» Activity
Repeat the records below exactly, from the first line through the line containing "At NASH Chevrolet, customer", and leave out any pictures.

Start of Records to process

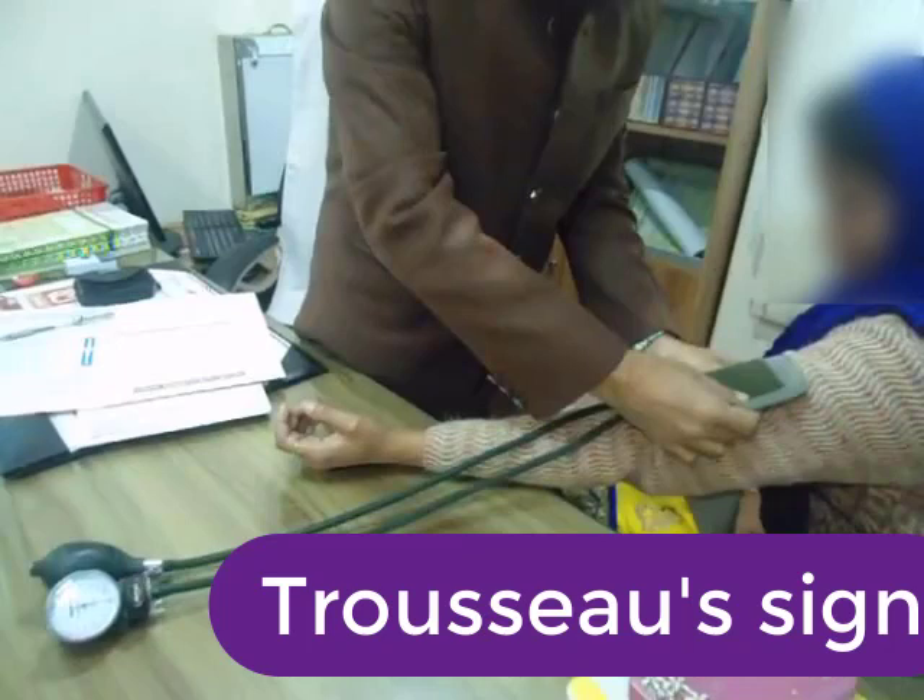This position can also simply be called carpal spasm. When it occurs in combination with spasm in the legs, it is called carpal pedal spasm. This sign may be helpful to detect latent tetany or hypocalcemia. Let's see a live demonstration of a patient with a positive Trousseau's sign.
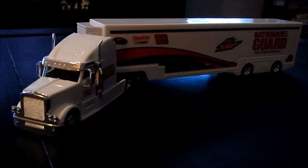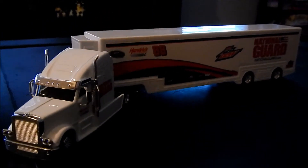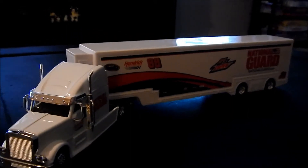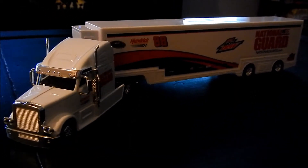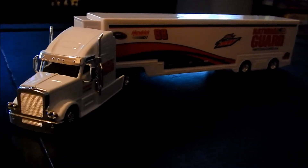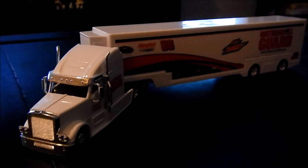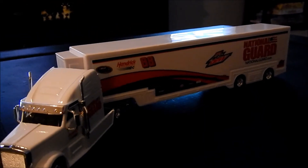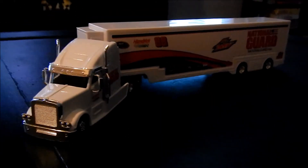Overall this is a very nice truck. I recommend that you pick one up — not just in this color scheme, whatever you want to call it. It's a nice truck to have in your NASCAR collection. Anyways, thanks for watching. Don't forget to comment, rate, subscribe, all that good stuff. We'll see you next time. Thanks for watching.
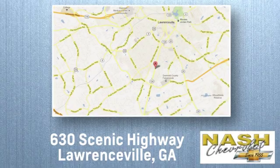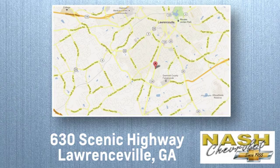At NASH Chevrolet, customer satisfaction is crucial to our success. We're conveniently located at 630 Scenic Highway in Lawrenceville, Georgia.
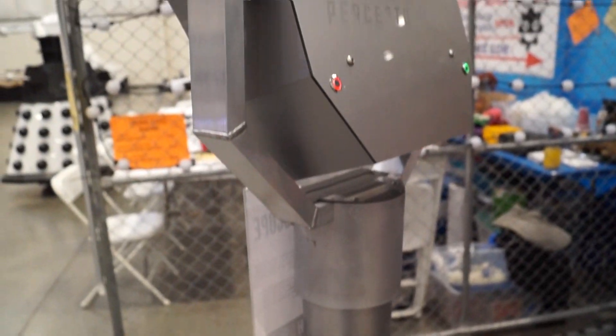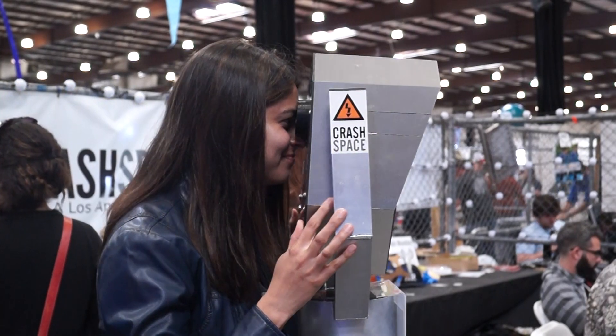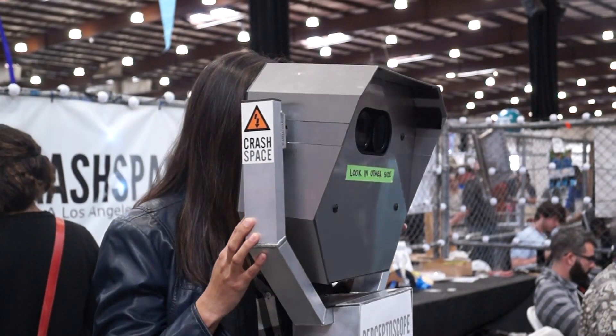I'm Ben Sachs, and I made the Perceptoscope. The Perceptoscope is an augmented reality pedestal binocular. It's kind of similar to the coin-operated binoculars that you would have seen at the Grand Canyon or Niagara Falls, except that it can do full 3D 360 augmented reality in a space.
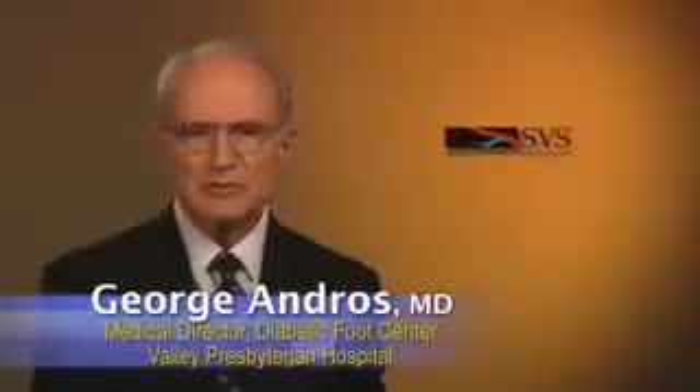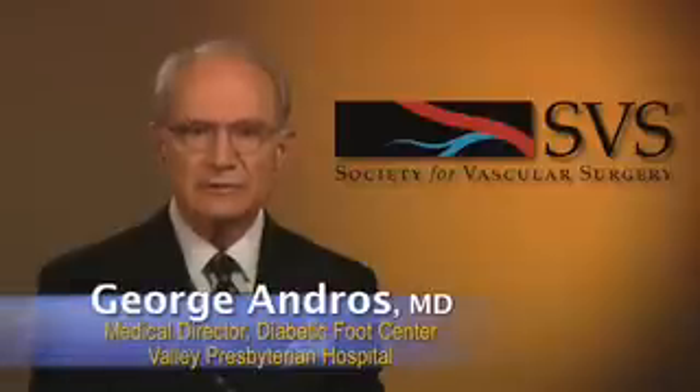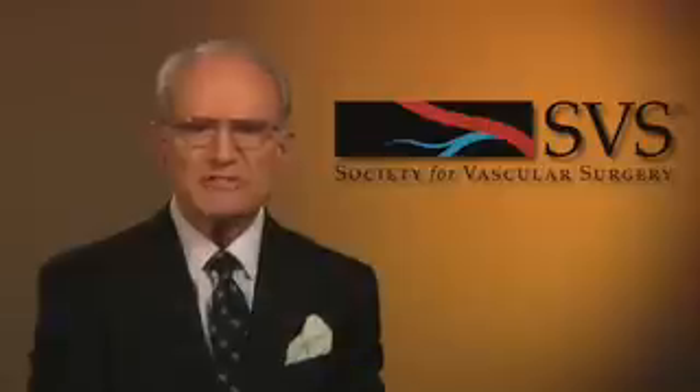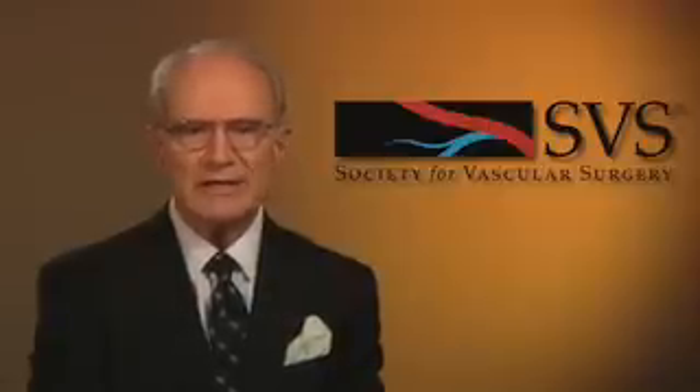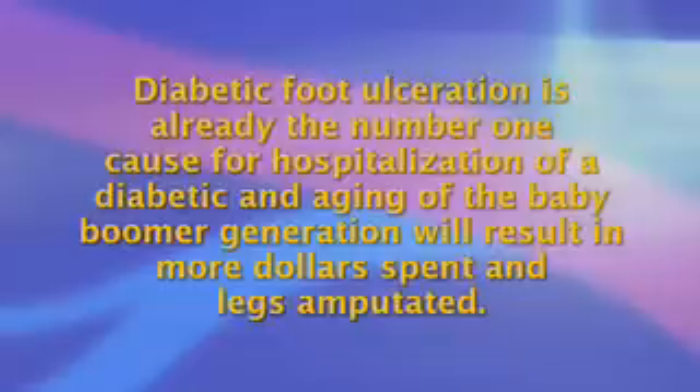Hello, I'm Dr. George Andros, and this is a Society for Vascular Surgery briefing about the care of the diabetic foot. No one should be surprised that the nationwide epidemic of diabetes mellitus will bring in its wake an untold increase in complications. Diabetic foot ulceration is already the number one cause for hospitalization of a diabetic, and aging of the baby boomer generation will result in more dollars spent and legs amputated.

End of Records to process

» Solved exercise
This position can also simply be called carpal spasm. When it occurs in combination with spasm in the legs, it is called carpal pedal spasm. This sign may be helpful to detect latent tetany or hypocalcemia. Let's see a live demonstration of a patient with a positive Trousseau's sign.
Overall this is a very nice truck. I recommend that you pick one up — not just in this color scheme, whatever you want to call it. It's a nice truck to have in your NASCAR collection. Anyways, thanks for watching. Don't forget to comment, rate, subscribe, all that good stuff. We'll see you next time. Thanks for watching.
At NASH Chevrolet, customer satisfaction is crucial to our success. We're conveniently located at 630 Scenic Highway in Lawrenceville, Georgia.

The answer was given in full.